(DATA FOR PROCESSING begins)
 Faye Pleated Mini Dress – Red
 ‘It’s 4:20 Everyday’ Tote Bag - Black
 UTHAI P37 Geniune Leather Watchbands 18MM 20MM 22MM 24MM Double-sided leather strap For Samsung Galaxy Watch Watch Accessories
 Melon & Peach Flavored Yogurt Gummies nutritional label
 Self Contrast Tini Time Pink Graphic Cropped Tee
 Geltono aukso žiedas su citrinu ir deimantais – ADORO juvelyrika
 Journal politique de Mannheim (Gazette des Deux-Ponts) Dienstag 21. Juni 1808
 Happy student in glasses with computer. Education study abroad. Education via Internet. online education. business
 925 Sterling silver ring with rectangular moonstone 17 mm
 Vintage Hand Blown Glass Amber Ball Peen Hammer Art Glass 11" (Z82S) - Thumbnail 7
(DATA FOR PROCESSING ends)
Write the entries out again exactly.

#### [RESPONSE TO THIS TASK]
 Faye Pleated Mini Dress – Red
 ‘It’s 4:20 Everyday’ Tote Bag - Black
 UTHAI P37 Geniune Leather Watchbands 18MM 20MM 22MM 24MM Double-sided leather strap For Samsung Galaxy Watch Watch Accessories
 Melon & Peach Flavored Yogurt Gummies nutritional label
 Self Contrast Tini Time Pink Graphic Cropped Tee
 Geltono aukso žiedas su citrinu ir deimantais – ADORO juvelyrika
 Journal politique de Mannheim (Gazette des Deux-Ponts) Dienstag 21. Juni 1808
 Happy student in glasses with computer. Education study abroad. Education via Internet. online education. business
 925 Sterling silver ring with rectangular moonstone 17 mm
 Vintage Hand Blown Glass Amber Ball Peen Hammer Art Glass 11" (Z82S) - Thumbnail 7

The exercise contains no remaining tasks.